Thomas Unold, Helmholtz-Zentrum Berlin für Materialien und Energie, Solar Energy – Institute of Technology, Hahn-Meitner-Platz 1, 14109 Berlin, Germany.

E-mail: unold@helmholtz-berlin.de

ABSTRACT

Transition-metal doped chalcopyrite thin films have been proposed as a suitable absorber material for intermediate band solar cells. In this work, CuGa1−xFexS2 thin films were grown by vacuum co-evaporation at a substrate temperature of 400 °C with various amounts of incorporated Fe. The optical response of thin films grown on soda-lime glass was evaluated by transmittance/reflectance measurements. Photovoltaic devices were fabricated from CuGa1−xFexS2 thin films concurrently deposited on Mo-coated glass substrates using the standard chalcopyrite glass/Mo/absorber/CdS/ZnO device structure. The device characteristics of these solar cells were evaluated by current–voltage and quantum efficiency measurements. For Fe-containing CuGaS2 films, distinct sub-gap absorption bands at 1·2 eV and 1·9 eV are detected, which increase in prominence with increasing Fe content.
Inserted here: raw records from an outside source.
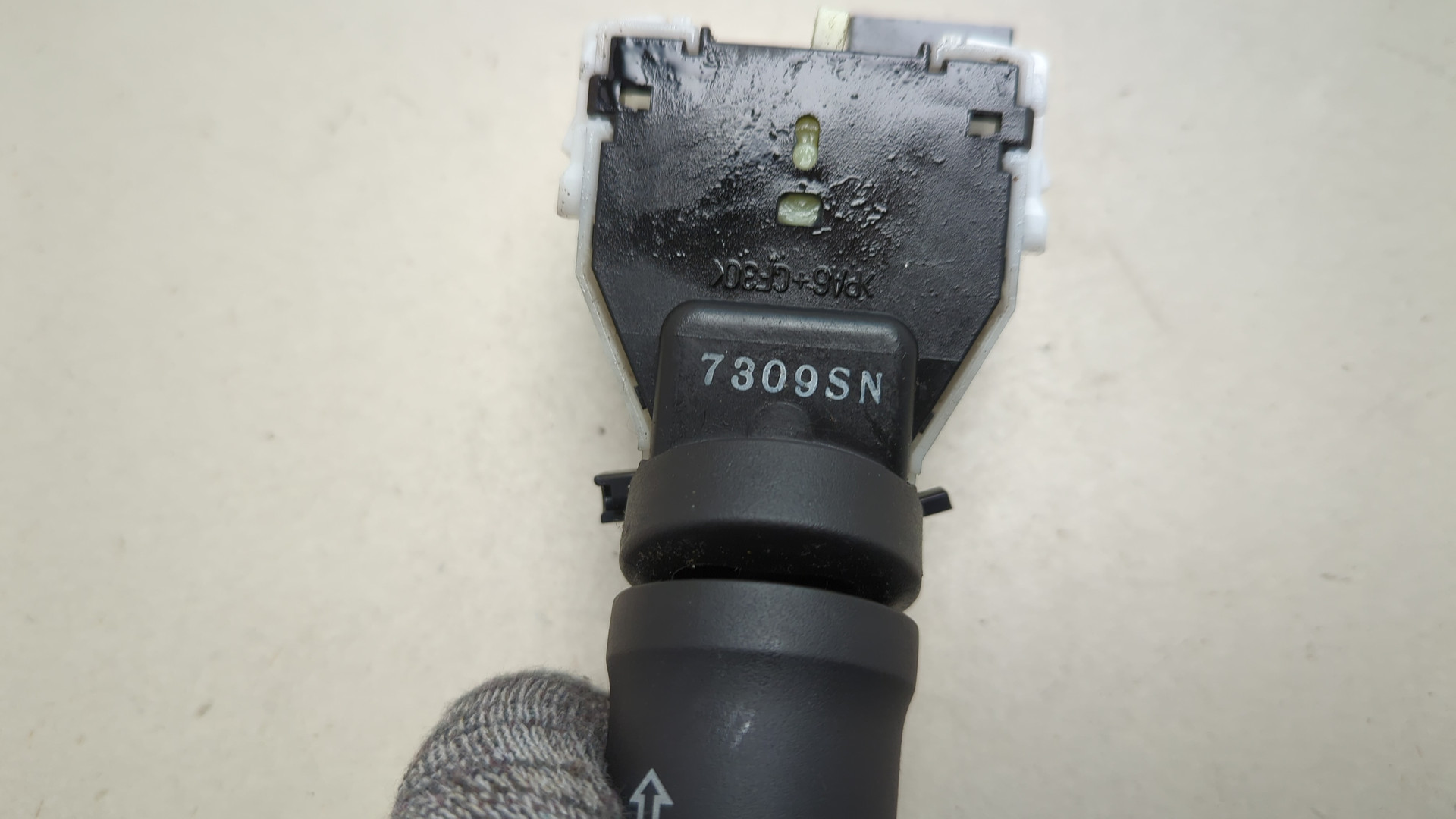 Переключатель поворотов подрулевой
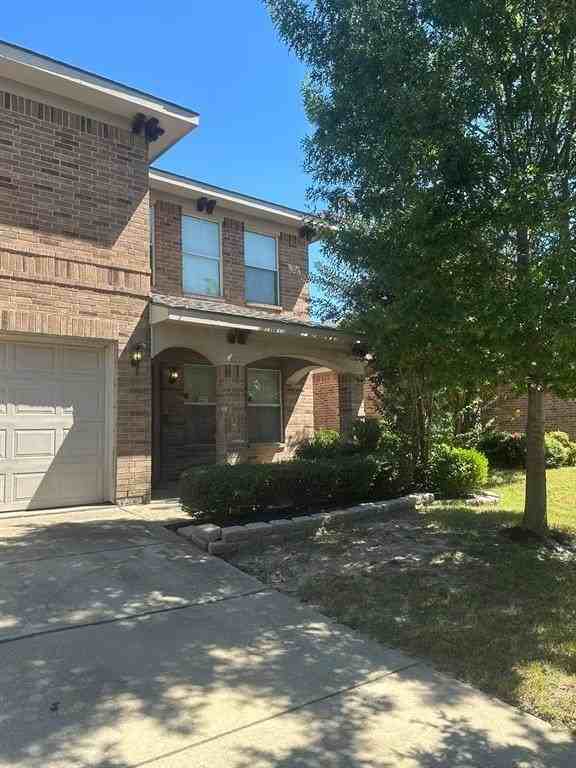 2038 Stagecoach Trl - Photo 2 of 40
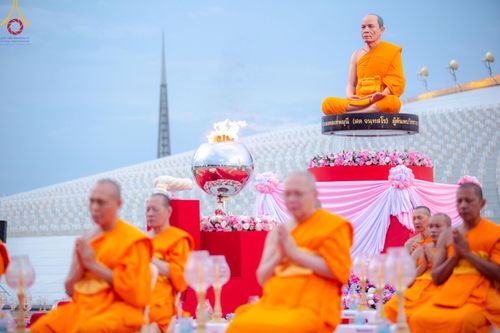 ภาพ No.160539:พิธีจุดประทีป 20,000 ดวง บูชาพระมหาธรรมกายเจดีย์ และบูชาพระมงคลเทพมุนี (สด จนฺทสโร) พระผู้ปราบมาร ณ ลานธรรม พระมหาธรรมกายเจดีย์ วัดพระธรรมกาย จ.ปทุมธานี วันที่ 10 ตุลาคม พ.ศ. 2567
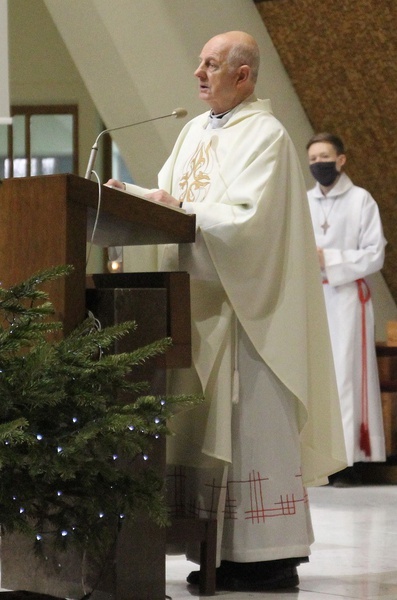 Orszakowe kolędowanie z bp. Piotrem Gregerem w Aleksandrowicach 2021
On the other hand, the solar cell parameters were found to deteriorate with increasing iron content, indicating an increase in non-radiative recombination when high levels of iron are incorporated. However, for the lowest iron content (x = 0·003), an increase in the sub-gap photoresponse at about 1·9 eV is observed, which is attributed to a combination of sufficient intermediate band absorption and carrier collection at this dilution level. Copyright © 2011 John Wiley & Sons, Ltd.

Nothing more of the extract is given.